(Records shown Opens)

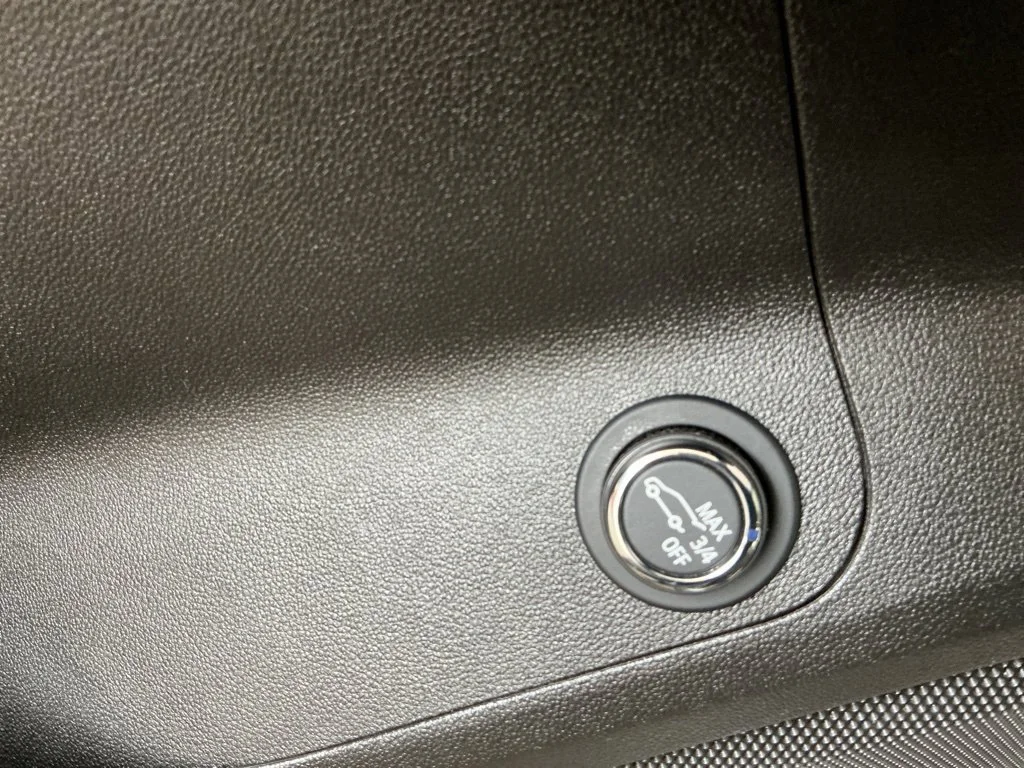 Used 2023 STERLING METALLIC GMC AT4 image 22
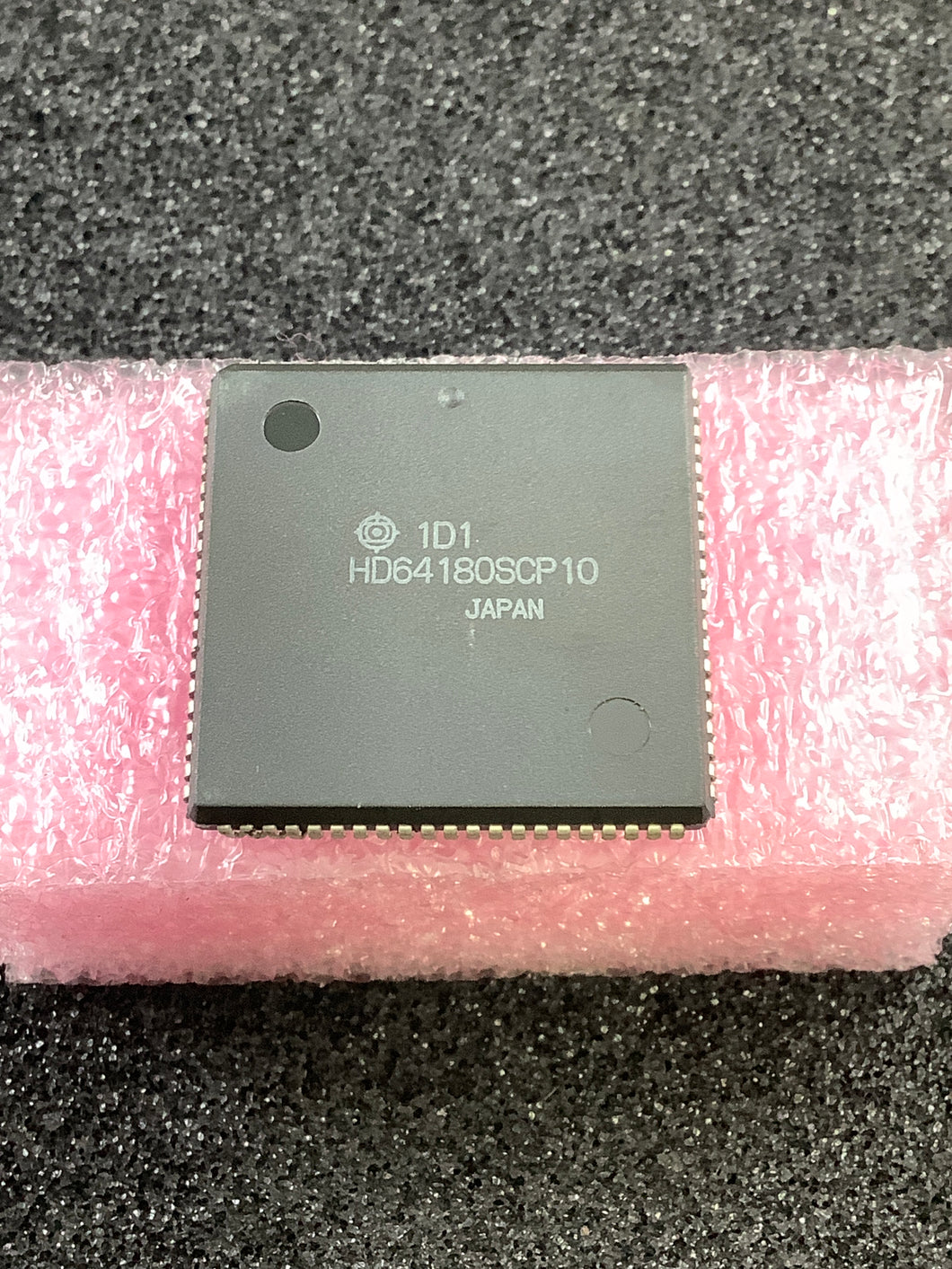 HD64180SCP10 - HITACHI - 8-BIT, 10 MHz, MICROPROCESSOR, PQCC84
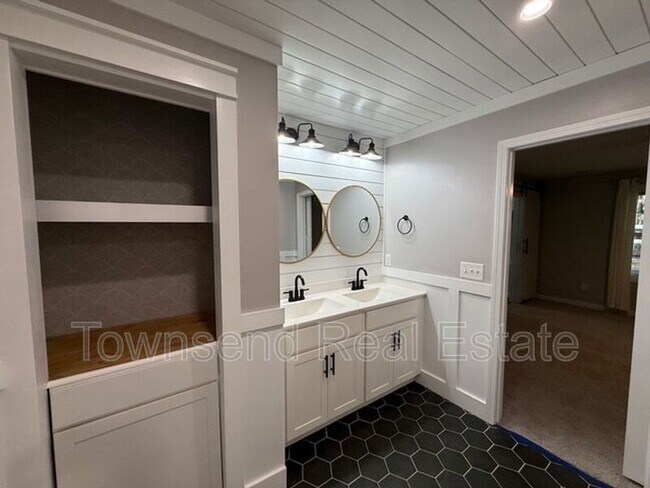 Building Photo - 83 Kotata Ave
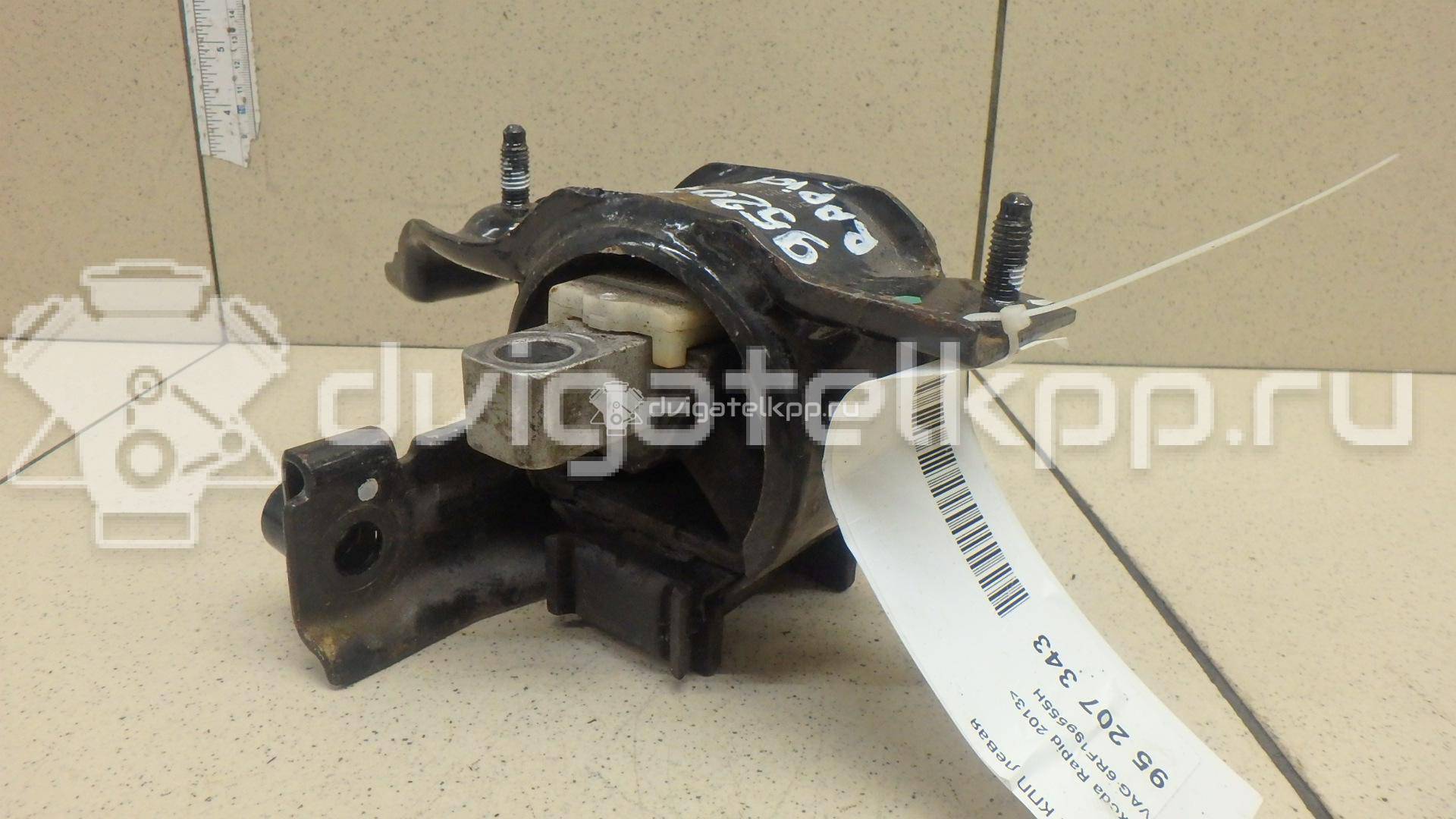 Фото Опора КПП левая  6RF199555H для audi A1 {forloop.counter}}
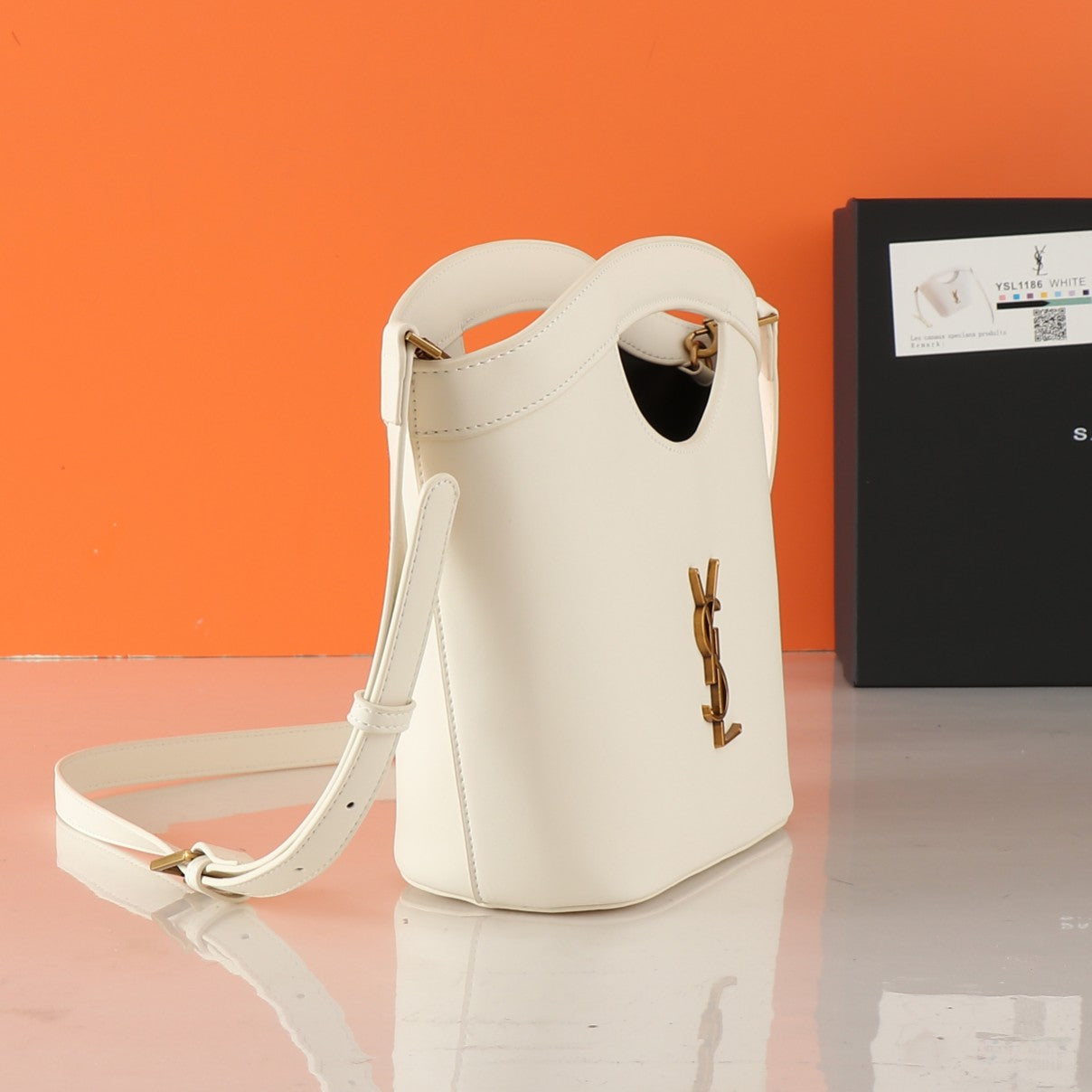 1XSL75BDE Stylish leather bag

(Records shown Closes)

- _What you have to do_
What is needed is a word-for-word restatement of the lines from the one holding "HD64180SCP10 - HITACHI" to the final line of the data above, inclusive, without any pictures.

- _Response area_
 HD64180SCP10 - HITACHI - 8-BIT, 10 MHz, MICROPROCESSOR, PQCC84
 Building Photo - 83 Kotata Ave
 Фото Опора КПП левая  6RF199555H для audi A1 {forloop.counter}}
 1XSL75BDE Stylish leather bag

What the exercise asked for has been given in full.